But they’d been through the War, she and Mal, and she knew that underneath the scolding there was a worry, a fierce desire to keep them all safe.

It was one they shared, it was why they kept this ship afloat in the black. Their squad had survived Serenity Valley because Zoe had managed to repair and start an Alliance ship, and Mal had managed to get it out of atmo relatively unscathed. As long as they’re still flying, they still have control, and they can keep their crew safe. Inara might be Captain, and they’ll defer to her decision (it helps that she makes good decisions) but between the lines they’ll do anything to keep the family they’ve managed to scrape together safe and sound.

So Zoe lets Mal be tetchy about the ship pulling left and makes sure they’ll have gravity and breathable air even if something smashes primary _and_ auxiliary life support. She puts things neatly back into their place and smoothly interrupts Mal’s diatribe on the state of the steering system.

“Think you’ll find she flies fine, Sarge.”

There is a pointed silence, and then Mal’s voice filters back over the intercom, a little bit static-y but back to his usual pointed calm. “ _Shi ma_? So stop messin’ with it.”

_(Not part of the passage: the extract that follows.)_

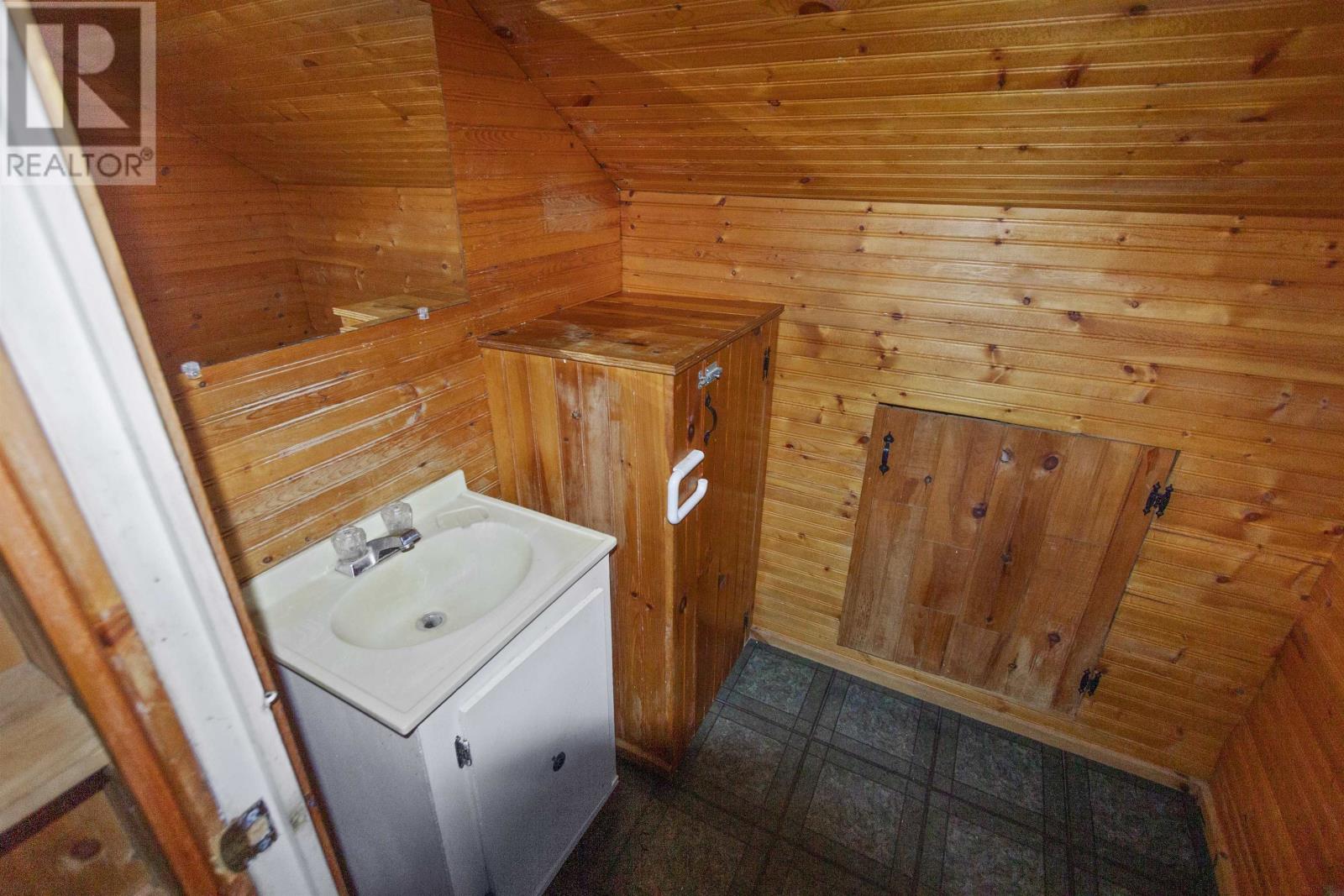 417 Queen Street Property Photo 20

“Never,” Zoe says, but lets the smile on her face flow into her voice, and huffs out a small laugh as the connection clicks off.

She stands, rubs idly at the small of her back, which has started to cramp up from twisting herself into increasingly ludicrous positions in order to get everything where it belonged. She wanders off to find lunch, as she suspects that she’s missed the actual meal-time by several hours, and wonders if she can convince Wash to give her a massage.

* * *

5.

Kaylee’s always cleaned her guns at the kitchen table. It’s not that she doesn’t get that some people see it as being impolite, but tables are for spreading stuff out on, and guns have a lot of bits to spread out, and the table in the kitchen is the biggest, so. It just makes _sense._

She’s reconsidering her position, though, because she’s not sure she’s comfortable with the way their new doctor’s crazy brother has taken to sitting across from her and watching her work.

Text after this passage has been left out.